Shawn Oakman to QB? Why not?

Looking at this year’s recruiting class, one aspect really stuck out about the incoming recruits. Size. I can’t recall seeing a class with five extremely large players like this one. One of those recruits struck me immediately as I’m sure he did for you as well. That is Shawn Oakman. Oakman is a 6’8″ 250 lb DE recruit. Other wise known as huge for a football player . Oakman’s body type sounds more like a power forward for a basketball team. Actually, that’s just what he is. Oakman is the starting PF for his high school and averages a double double per game. He is the exact same size as NBA All-Star Lebron James.

When I first saw his size I immediately thought of Cam Newton. Newton is a 6’6″ 250 lb quarterback who can run right over defenders. Auburn’s success this past season was a direct result of the athletic ability of Newton. Newton was a great passer and an even better rusher. With every scramble came a collective gasp from the Auburn faithful. There were many “did you see that” moments. On third and short or fourth and short, Newton simply used his body to get the first down. Being 6’6″ he simply had to lay down behind the center to pick up the first down. This kept the Auburn defense off the field and Cam Newton in control of the game. Then if you factor in his power and ability to explode through tackles it is clear why he was so successful.

Oakman is almost identical in body shape to Newton except he is even bigger.

As a runner everyone will be interested in his 40 time. Oakman has been timed at 4.8 while Newton has been timed at 4.5 – 4.7. There is not much of a difference between 4.8 and 4.7 or even 4.6. Oakman should have no problem getting faster once he starts training at Penn State. Can you imagine a 6’8″ 250lbs man running at 4.6 speed towards you?

Obviously, I am not expecting Oakman to become the next Cam Newton. I certainly am not suggesting that Oakman try to complete a pass. I am suggesting that with a player who has his size, speed and power why not be unconventional and run the wildcat or let him scramble on 3rd and short for a first down. We saw in 2010 that on third and short with less than 2 yards to go, Royster really was unable to power through the defense. Royster is only 6’1″ 223lbs. Oakman would simply have to fall forward.

In the summer, Penn State can work with Oakman on ball control and the select plays for him to run. As a basketball player who was recruited by Division 1 schools, we should expect nothing less than a man whose hands will absolutely swallow the ball. Once he fine tunes how to carry it high and tight, putting his head down, builds some more lateral movements and quickness, he could be tough to stop. Oakman has most of those skills already as he did play wide receiver in high school as well.
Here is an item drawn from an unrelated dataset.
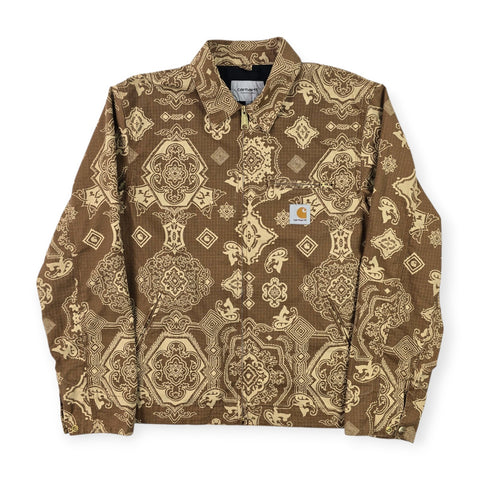 Carhartt WIP Detroit Bandana Pattern Jacket Brown Men's Large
Penn State has really gotten away from using the wildcat and quarterback keepers since Daryll Clark’s first year as the starter in 2008. If Joe Pa is worried about a quarterback getting hurt, here is your alternative. With Oakman running, Bolden and McGloin can just wait and say thank you when he is done.
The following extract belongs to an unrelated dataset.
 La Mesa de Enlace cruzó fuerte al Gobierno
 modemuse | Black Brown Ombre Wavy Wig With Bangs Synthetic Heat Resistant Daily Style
Oakman will be great as a defensive end and if his future does not have him spending time at the QB slot, I won’t lose any sleep over it. For an offense that looks stuck in the 70s this could be an interesting test. Unfortunately, I have come to expect nothing exciting from Galen Hall and Jay Paterno.

In college football today, the scrambling quarterback has success. Just take Tim Tebow, Cam Newton and Michael Robinson for example. Everyone at Penn State remembers the “M-Rob Hit” against Minnesota in 2005. That single play alone set the tempo for Penn State the rest of the season and sent a message to the team. In 2011, another message needs to be sent from our offense. I wouldn’t mind seeing it from a 6’8″ 250 lb freshman. Would you?